Als nieuwe Staatssecretaris van Financiën is het niet alleen mijn recht, maar ook mijn plicht om zonder taboes het belastingstelsel in brede zin te beschouwen en gedachten te vormen over wenselijke en mogelijke aanpassingen in dat stelsel. Zoals ik eerder heb aangegeven zal ik in de kabinetsreactie op het rapport van de commissie Van Dijkhuizen de contouren van die gedachtevorming schetsen.1 Belangrijke uitgangspunten daarbij zijn voor mij de verhoging van de arbeidsparticipatie en het stimuleren van economische groei. Hoewel het de ordentelijkheid van het debat niet ten goede komt om in dit stadium vooruit te lopen op die kabinetsreactie, is het waarschijnlijk dat de uitvoering van het gestelde in de kabinetsreactie een substantieel deel van mijn beleidsagenda zal gaan bepalen.

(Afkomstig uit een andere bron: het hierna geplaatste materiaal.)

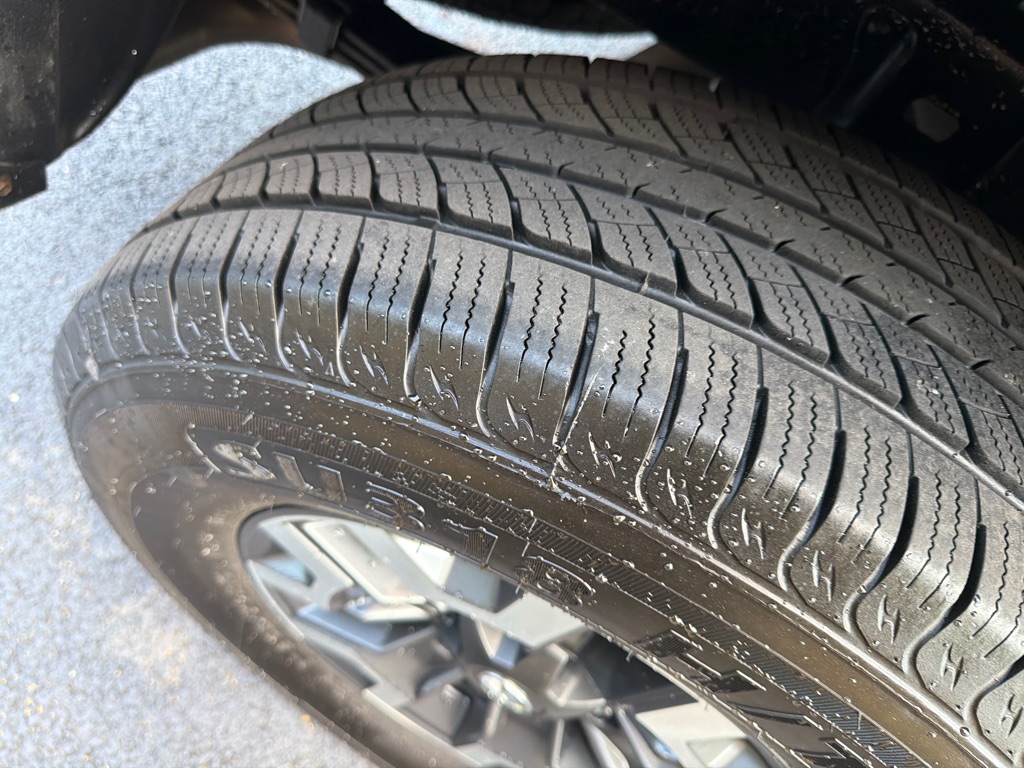 Photo 8 of this TOYOTA TACOMA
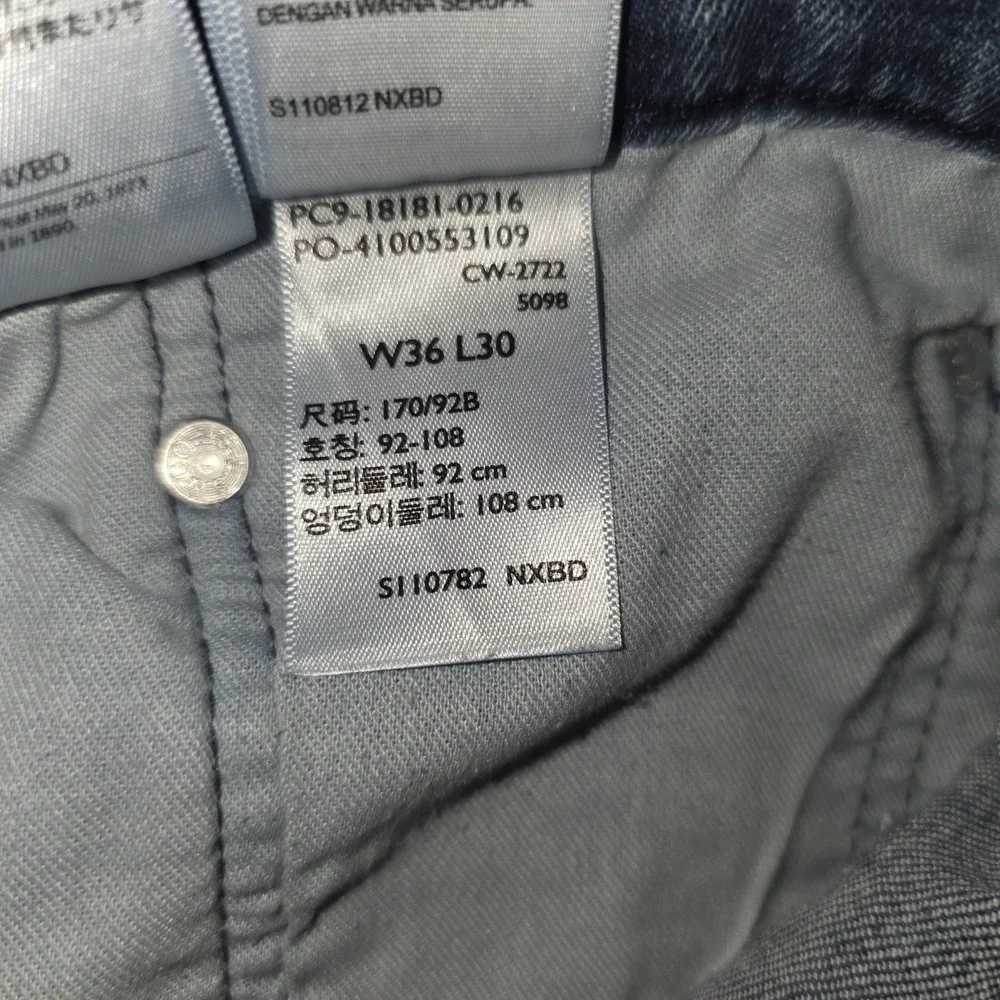 LEVI‎ STRAUSS Men 541 Athletic Fit Cotton Denim Jeans - 36x30 Dark Blue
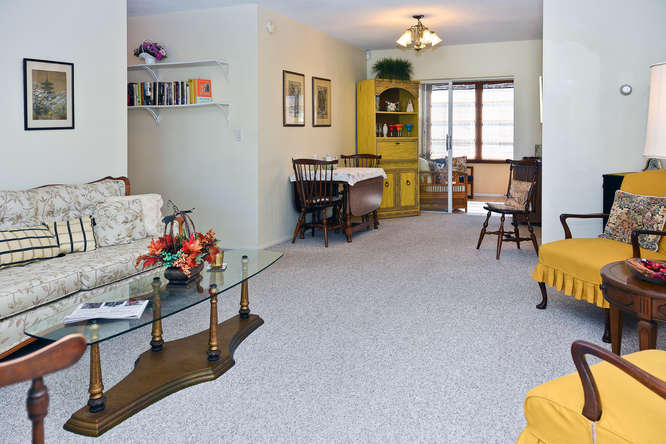 PALM BEACH LEISUREVILLE REPLAT - Residential Lease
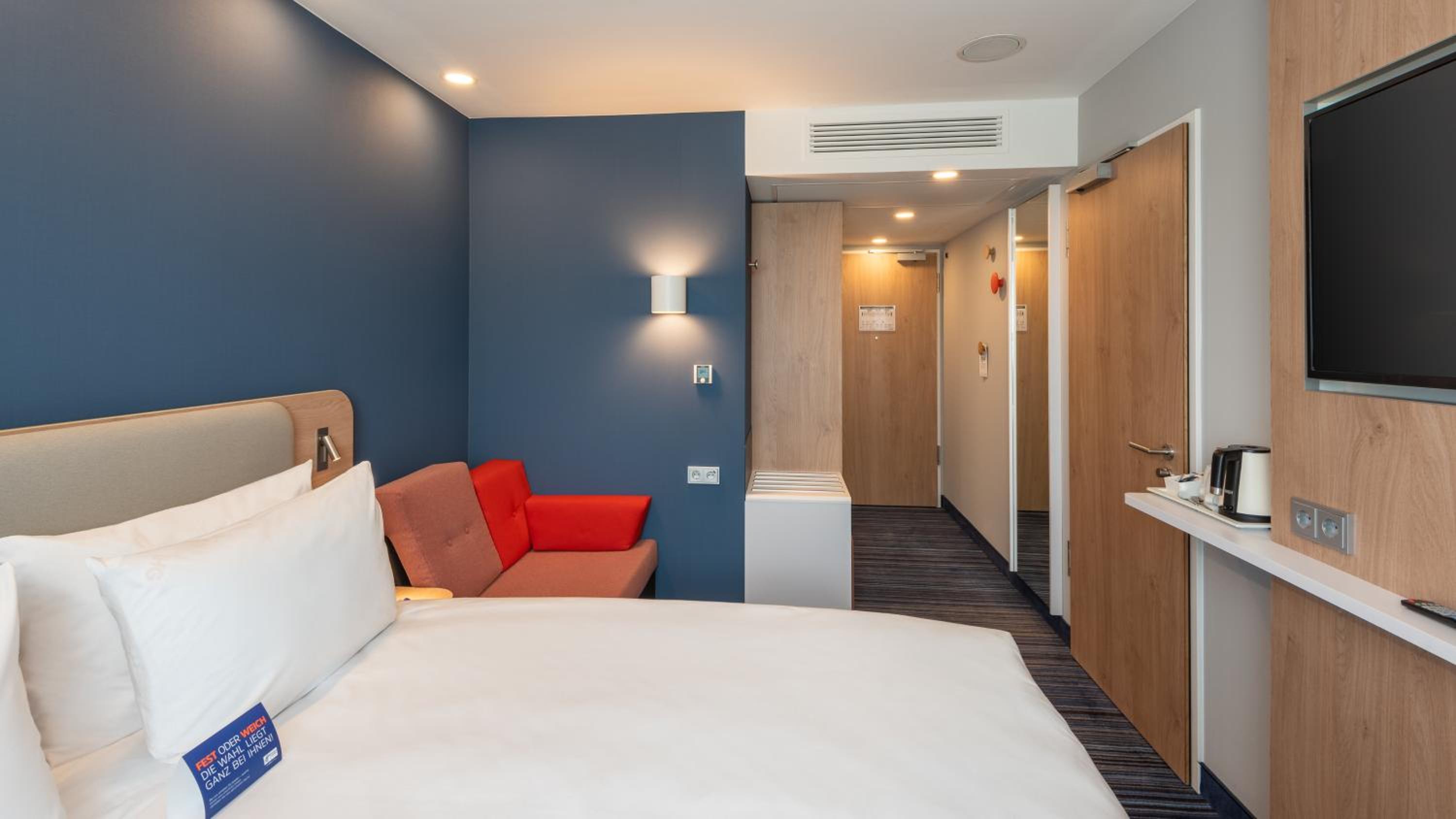Standard Room photo 2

Complexiteitsreductie is in mijn ambtsperiode een noodzakelijk thema, mede om de Belastingdienst beter in staat te stellen de fiscale wetgeving uit te voeren. Hierbij denk ik zowel aan vereenvoudiging van fiscale wetgeving en fiscaal beleid, als vereenvoudiging van diverse processen. Vereenvoudiging is ook een belangrijke pijler in het rapport van de commissie Van Dijkhuizen, en de gedachtevorming over het fiscale stelsel kan dan ook niet los worden gezien van de wens tot vereenvoudiging. De samenhang tussen fiscale wetgeving en de uitvoering ervan door de Belastingdienst verdient meer aandacht. Bij aanpassingen of hervormingen in fiscale wetgeving zal ik dan ook – naast de mogelijkheden binnen het economische tij – nadrukkelijk kijken naar de uitvoeringsaspecten en een behapbare fasering in de invoering ervan. Vereenvoudigingen in het fiscale beleid maken het ook mogelijk te komen tot meer eenduidige interactie en duidelijkere communicatie met de burger.

Een betere uitvoerbaarheid door complexiteitsvermindering is nodig om de Belastingdienst beter te laten functioneren. Twee andere hoofdsporen dragen daar ook aan bij, namelijk het robuuster maken van de werkprocessen van de Belastingdienst en het objectiveren van beoogde en geleverde prestaties van de dienst. Deze drie sporen zal ik uitwerken in een brief die ik – conform mijn toezegging in mijn brief van 3 maart 2014 inzake de Belastingdienst2 – zo spoedig mogelijk naar uw Kamer zal zenden.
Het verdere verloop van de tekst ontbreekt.